Когда-то он написал мне стихотворение:Милка, девочка моя,
Скоро жизнь тебя научит
Не давать себе житья
И других напрасно мучить.
Эта глупость от отца
Умной дочери досталась —
Сердце тратить без конца,
Лишь бы сердце оставалось.
Это единственное стихотворение, которое, я уверена, посвящено именно мне. Там названо мое имя, и я помню, по какому поводу оно написано. С остальными сложнее. Как-то, когда мне исполнилось пять лет, он подарил мне игрушечного медведя. Вернее, не сам подарил, его тогда не было в Москве, а поручил сделать это сестре Татьяне. И после ее смерти, когда я расшифровывала письма Татьяны Леониду Малюгину, я наткнулась на описание ее поездки по морозной Москве на край земли, как ей казалось, – на Первую Мещанскую. Я поняла это по адресу и дате -13 декабря. Имя мое в письме не называлось. К подарку было приложено стихотворение «Медведь»: «Девочке медведя подарили…». Очень долго я была уверена, что эти стихи посвящены мне, знала их наизусть и читала гостям, стоя на стуле и держа в руках медведя. Потом, уже взрослой, может быть, даже после смерти папы, я узнала, что почти такой же медведь был подарен моей сестре Маше, и она думала, что стихи посвящены ей. А еще позже выяснилось, что написаны они были в Ялте под Новый год, когда он подарил медведя девочке, дочери женщины, с которой у него тогда был роман. Это так похоже на папу!
Владимир Луговской. 1944
Когда мы с мамой вернулись с Селигера в Москву, город показался мне хмурым и неуютным. Уже ввели затемнение, и с наступлением темноты все окна занавешивались синими бумажными шторами. Почти каждую ночь Москву бомбили. В нашем доме, да и поблизости, бомбоубежища не было, и мы с мамой брали заранее приготовленный узел с подушкой, моим одеялом и еще какими-то вещами и спешили к метро «Красные ворота». Путь был неблизкий, приходили мы обычно последними, и места нам доставались где-нибудь в уголке. Мы усаживались на наш узел. Мама вздыхала: «В тесноте, да не в обиде», я клала голову ей на колени и засыпала.
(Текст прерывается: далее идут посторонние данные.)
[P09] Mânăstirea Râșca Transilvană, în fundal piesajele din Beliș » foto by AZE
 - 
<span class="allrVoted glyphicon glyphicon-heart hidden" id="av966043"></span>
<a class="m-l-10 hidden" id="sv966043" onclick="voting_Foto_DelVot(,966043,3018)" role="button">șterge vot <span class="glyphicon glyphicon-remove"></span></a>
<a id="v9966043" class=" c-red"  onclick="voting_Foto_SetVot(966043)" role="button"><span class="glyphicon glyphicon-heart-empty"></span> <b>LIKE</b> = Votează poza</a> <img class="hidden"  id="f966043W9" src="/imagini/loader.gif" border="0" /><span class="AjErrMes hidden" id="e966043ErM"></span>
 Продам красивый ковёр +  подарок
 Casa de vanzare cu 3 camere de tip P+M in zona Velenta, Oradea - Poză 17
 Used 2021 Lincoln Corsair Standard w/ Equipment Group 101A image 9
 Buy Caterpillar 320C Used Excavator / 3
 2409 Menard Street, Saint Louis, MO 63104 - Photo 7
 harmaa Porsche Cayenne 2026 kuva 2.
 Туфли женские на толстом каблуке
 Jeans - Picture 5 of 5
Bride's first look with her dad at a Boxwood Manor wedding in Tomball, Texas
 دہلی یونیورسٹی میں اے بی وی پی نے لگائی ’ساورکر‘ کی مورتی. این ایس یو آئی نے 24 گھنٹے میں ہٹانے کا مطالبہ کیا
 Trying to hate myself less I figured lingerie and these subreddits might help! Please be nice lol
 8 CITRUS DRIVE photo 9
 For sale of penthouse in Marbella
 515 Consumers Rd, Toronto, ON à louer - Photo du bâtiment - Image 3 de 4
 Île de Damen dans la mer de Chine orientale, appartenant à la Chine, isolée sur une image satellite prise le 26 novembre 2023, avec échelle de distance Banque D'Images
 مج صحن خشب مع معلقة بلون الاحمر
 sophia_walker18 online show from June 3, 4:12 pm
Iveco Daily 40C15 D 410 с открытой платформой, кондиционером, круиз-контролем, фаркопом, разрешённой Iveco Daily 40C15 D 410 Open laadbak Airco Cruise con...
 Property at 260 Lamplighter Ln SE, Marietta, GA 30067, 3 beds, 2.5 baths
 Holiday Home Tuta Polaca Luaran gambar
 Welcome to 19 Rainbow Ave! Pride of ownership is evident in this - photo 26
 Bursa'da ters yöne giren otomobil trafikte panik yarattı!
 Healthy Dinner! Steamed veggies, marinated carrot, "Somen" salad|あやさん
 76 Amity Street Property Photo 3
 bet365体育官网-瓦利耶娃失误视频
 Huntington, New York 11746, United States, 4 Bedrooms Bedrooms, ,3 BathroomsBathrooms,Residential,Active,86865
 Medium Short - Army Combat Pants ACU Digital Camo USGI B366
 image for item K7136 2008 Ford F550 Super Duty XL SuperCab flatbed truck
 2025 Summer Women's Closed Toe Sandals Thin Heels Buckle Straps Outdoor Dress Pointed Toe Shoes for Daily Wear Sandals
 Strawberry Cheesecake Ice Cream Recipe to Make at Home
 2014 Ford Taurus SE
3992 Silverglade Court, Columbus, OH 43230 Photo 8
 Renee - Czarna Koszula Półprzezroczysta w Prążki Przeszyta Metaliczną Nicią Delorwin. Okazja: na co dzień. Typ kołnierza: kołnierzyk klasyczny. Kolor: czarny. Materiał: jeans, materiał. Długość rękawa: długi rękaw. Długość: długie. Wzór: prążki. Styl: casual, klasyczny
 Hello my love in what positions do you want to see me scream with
Некоторым счастливцам доставались раскладушки, которые стояли даже на путях. Когда давали отбой тревоги, все поднимались с мест, тянулись к выходу, вываливались на темную, холодную улицу и брели домой.
Иногда мы ночевали у маминых сестер в Столешниковом переулке. Там поблизости был подвал, служивший бомбоубежищем. Помню, как однажды, когда мы только что вернулись после отбоя и укладывались досыпать, по радио вновь прозвучало: «Граждане, воздушная тревога!» Мама опустилась на стул и устало сказала: «Никуда я не пойду. Будь, что будет». Я лежала в теплой кровати, но не могла заснуть. Было страшно, но и интересно. Свет был погашен, шторы подняты, и я видела шарящие лучи прожекторов, слышала взрывы, как мне казалось, неподалеку.